And what about that day at the sanatorium in Vienna? The day Roth goes to visit and finds himself alone with his wife inside one of those vertical coffins. Nothing in that padded cell that might give her cause to self-harm. Nothing but the stool bolted to the floor and the cold Viennese light dripping in through the high window, not enough to spread into the corners.
He speaks to her. He says her name and tells her the news from the world outside. He has brought his stories from the streets of Paris, the cafés, the world is still free, people have been asking for her. There will be such a great welcome for her when she gets better.
She remains unresponsive. What is there for her to report but the same routine interrogation by the psychiatric team about her thoughts, her feelings, her dreams, her sexual fantasies. The same greasy smells of dinner lingering in the walls, voices coming and going, faces unrecognizable, echoes following her back to her room and the screaming at night from deep inside a vertical coffin next to hers. The same walks around the grounds of the hospital. The same avenue of trees and the brief slice of sky, the same windows replicating themselves each day in this house of doubt. In the corridor, the sound of keys always coming to the wrong door.
He has come with his smile to restore her. He has brought the smell of smoke in his suit and laughs as he tells her it was bought for him by his friend Stefan Zweig when he spilled wine on his trousers. He has brought the sound of trains and platform whistles, the click of tracks, the screech of wheels. His eyes are alive with affection. His moustache. His cravat. His calm voice. His jokes will cure what all those psychiatric assessments have failed to understand. His hands are the only viable intervention left, like his own delicate handwriting, touching her face to remove a dried smudge of tear dust from her cheek.
Come on, she says.
Her eyes speak to his. She has it back, that provocative smile in her mouth. She takes his hand and invites him to dance with her around this anonymous room. His other hand is holding on to one of her cold kidneys at the back while she is humming along to the music inside her head, laughing and using his nickname – Mu. The one she made up from his second name, Moses.
Come on, Mu, you haven’t danced with me in ages.
His shoes squeak on the rubber floor. Her bare feet are silent. Around and around the stool fixed to the centre of the dance floor they swing to a tempo that begins to gather speed, a Viennese waltz that converts this small institutional space into a grand ballroom with ornate ceilings and golden columns. Her madness has purpose now. She flings his name at the rubber walls with accelerated joy and rage. An absurd force in her laughter, like the needle of a compass inside her head pointing to something that needs to be repossessed right away before it’s gone again.

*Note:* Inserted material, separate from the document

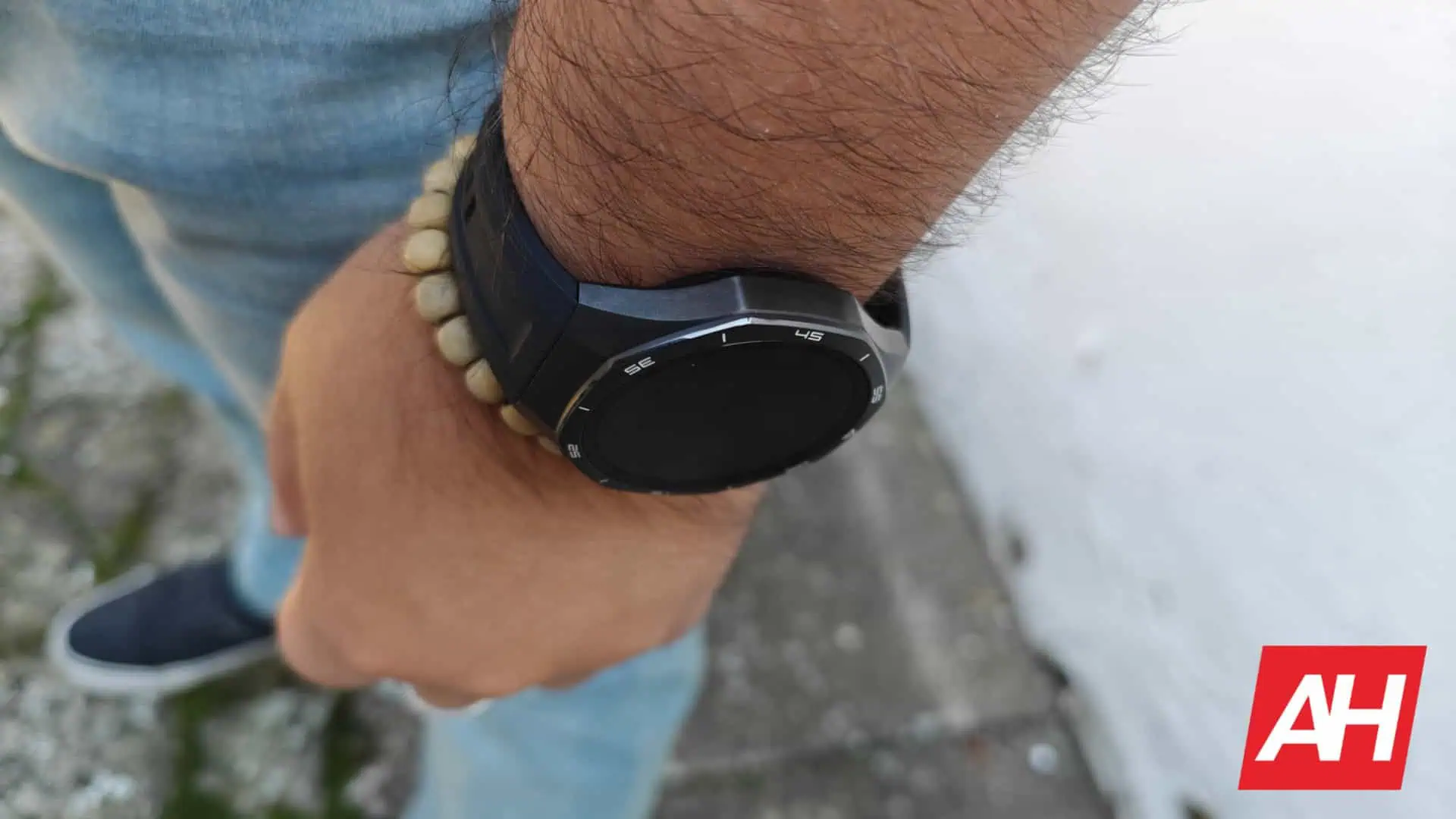 AH Huawei Watch GT 5 Pro image 13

You always take your time, Mu.
Her need for human warmth is urgent. Her tormented desires are now free to express themselves. All those possibilities, all the novels not yet written by her body, come to life with such conviction in his company. She can feel the energy in his lungs. She can feel the cool buttons of his suit. She can feel the soft weight of his writing hand. She can feel the padded floor against her back as they lie down together with the light on the ceiling buzzing like a trapped wasp. She can hear the sound of keys and doors and people whispering in the corridor.
She smiles and turns her head calmly towards the stool bolted to the floor as if there is somebody sitting there watching them.

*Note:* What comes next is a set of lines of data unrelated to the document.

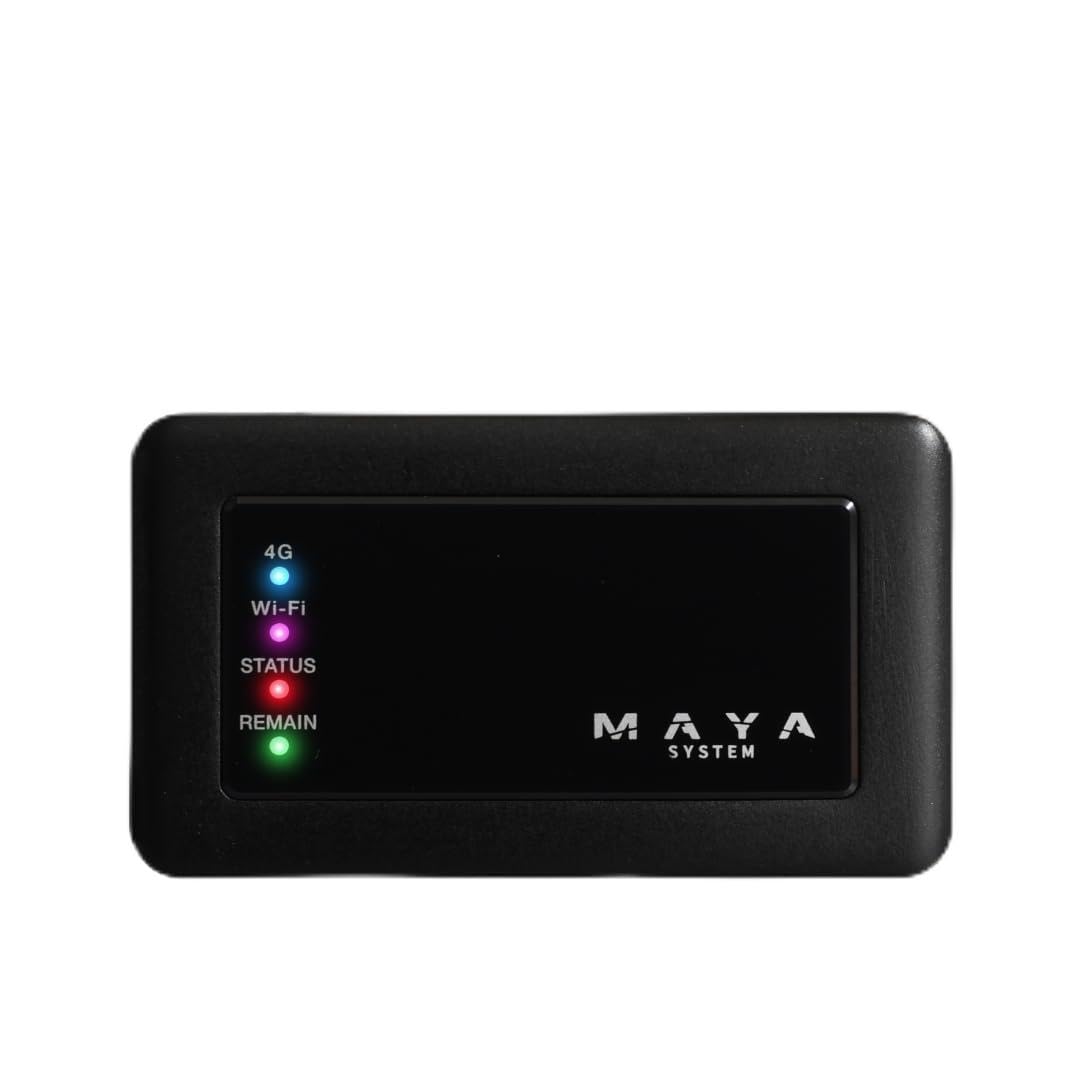 Charge compatible router MD1 Body only Dongle No contract required No monthly fee Can be used by charging purchase type Can be used even if you insert чорний
Charge compatible router MD1 Body only Dongle No contract required No monthly fee Can be used by charging purchase type Can be used even if you insert чорний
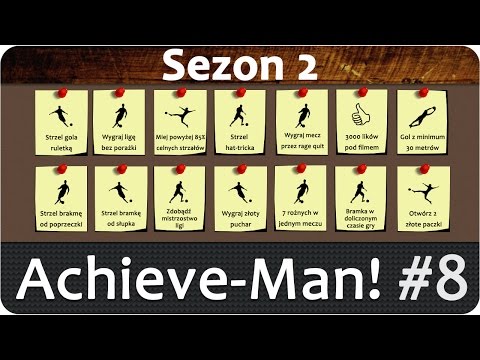 FIFA 14 | Achieve-Man S2 | Mecz absurdów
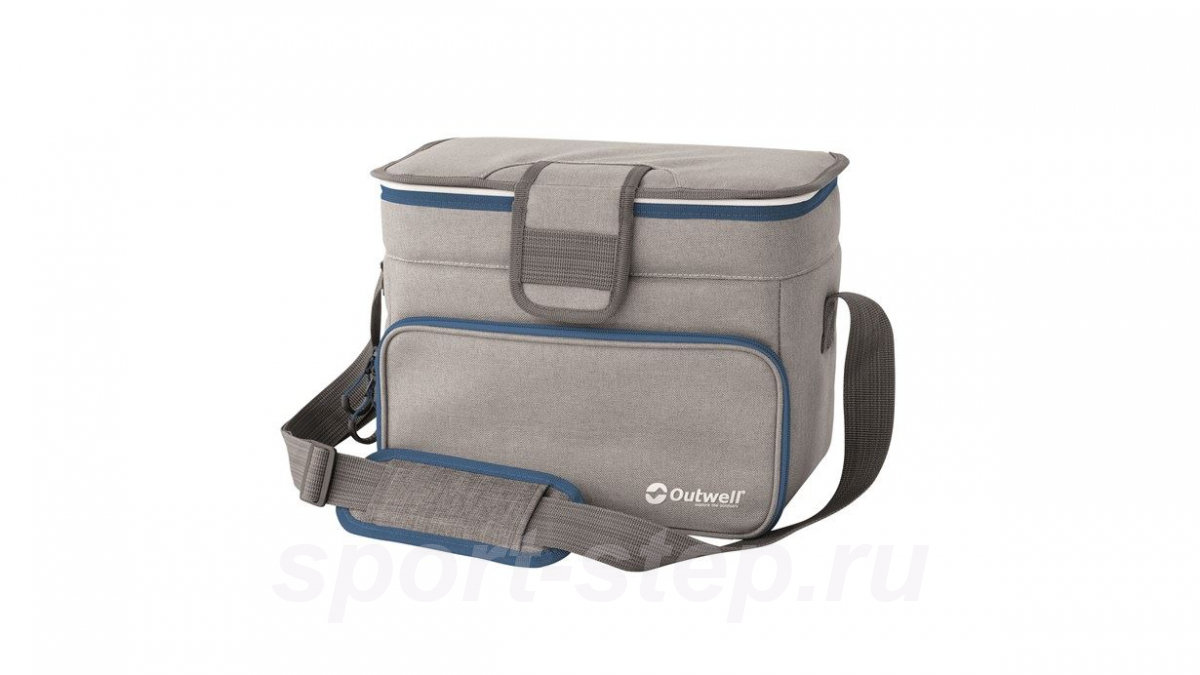 Изотермическая сумка Outwell Albatross M Blue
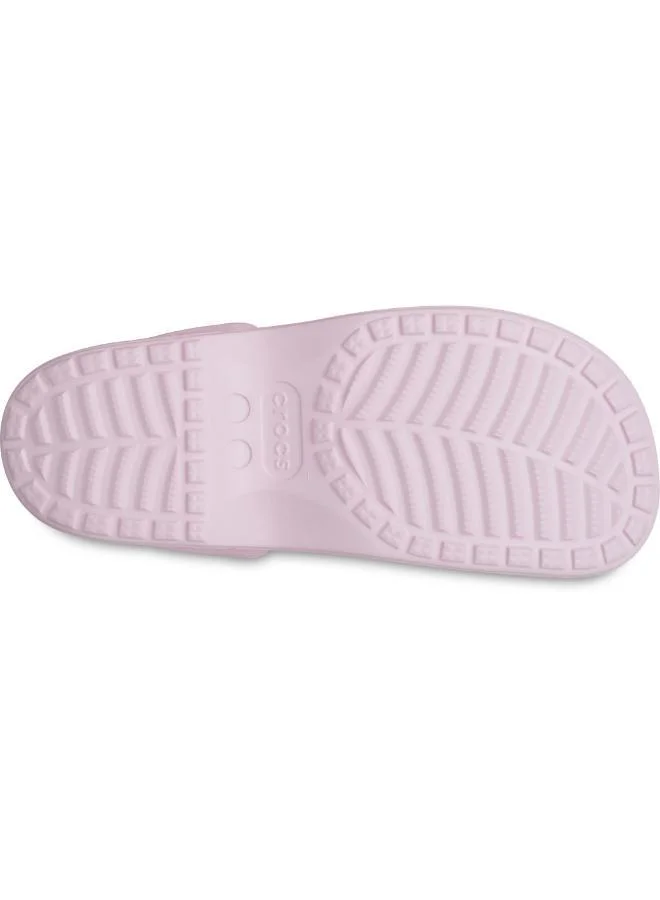 crocs Toddler Mary Jane Clogs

It’s my husband, she says to the invisible spectator. His name is Joseph Roth. He’s a good storyteller. He can make things up that I could never imagine.
On the squeaky floor of this cell intended to prevent suicide, they spend the night together. Locked inside a room from which he has come to rescue her. Their confinement becomes their escape. Their marriage, their identity, their memory, the forces of hatred turned against them, the restless places they have travelled to and found freedom, the entire story of their love has been shaped into this one short, terminal moment of luck and misfortune. Surrounded by harm in a space that allows no harm, they keep each other close. He kisses her forehead and she lays her head on his shoulder. With the walls smelling like the interior of a car tyre, they lie awake in a time void.

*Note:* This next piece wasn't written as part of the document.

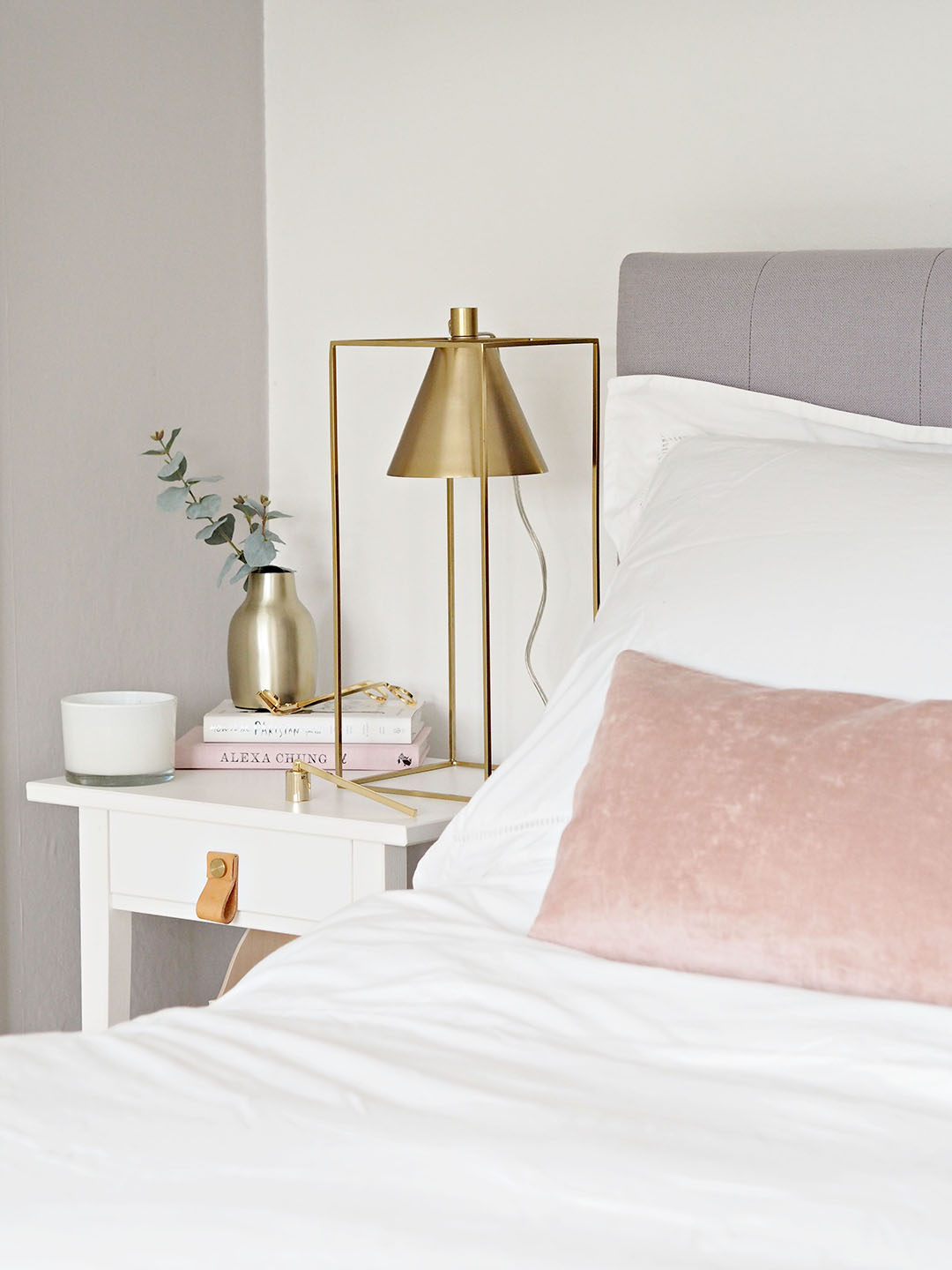 The French Bedroom Company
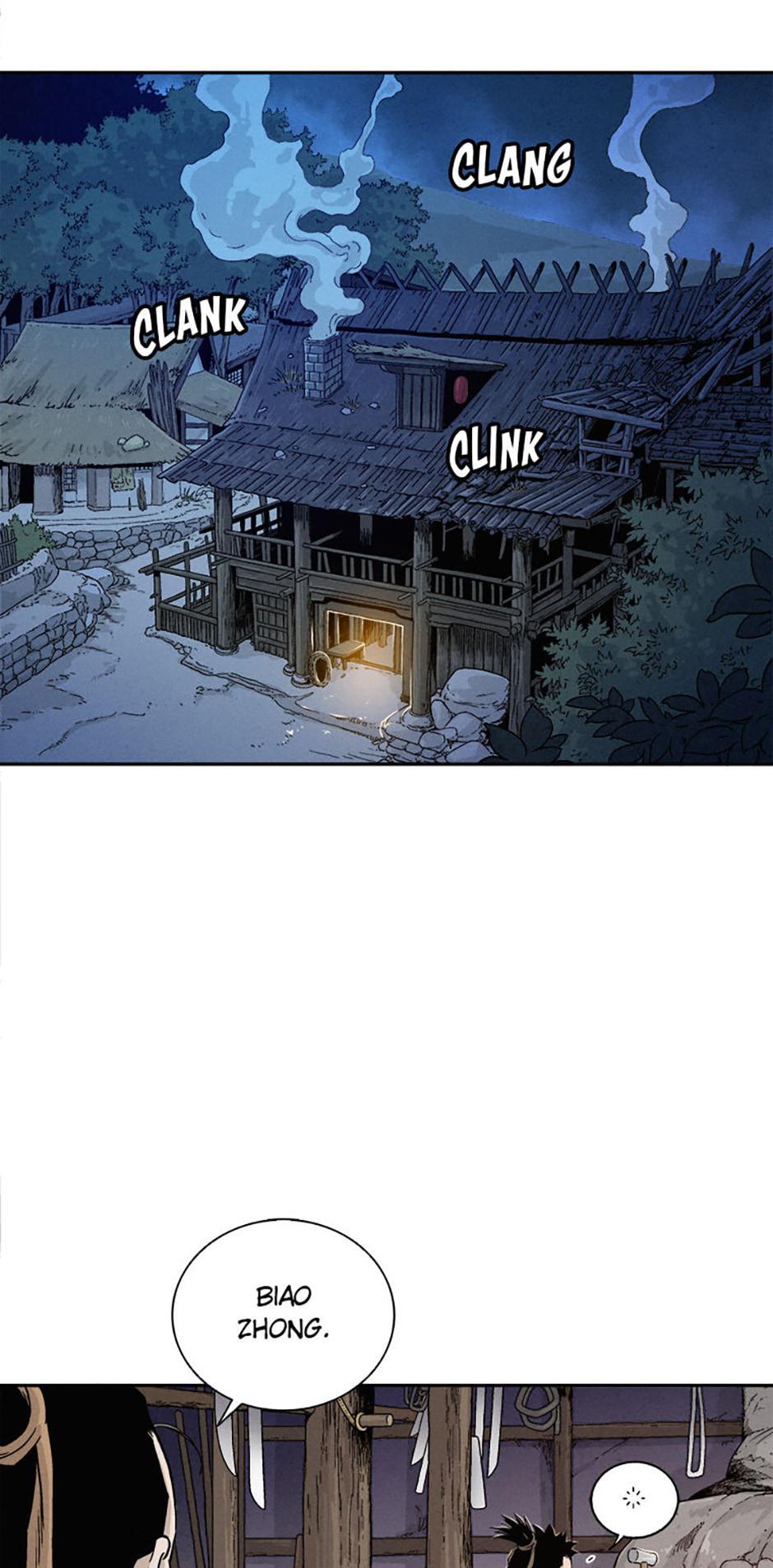 Read The Divine Surgeon Manga Online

She can’t sleep. She sits up and speaks to the door as though there is a team of doctors and nurses standing in the room with their charts observing her. She tells them to write down in the file – the man who brought her here came to take her away. She tells them to bring her clothes first thing in the morning, she will walk out hand in hand with him into the street, they will get on a tram together, straight to the main train station.
We’re going back to Paris, isn’t that so?
In a letter written to his publisher, Hermann Kesten, in 1971, Joseph Roth is reported to have said that he made love to his wife inside a padded cell on the advice of psychiatric experts. It was a private matter between husband and wife, not entered into the medical records. What is recorded in the case notes on repeated occasions is this statement in her own words – the person who brought me in here should come and take me out again.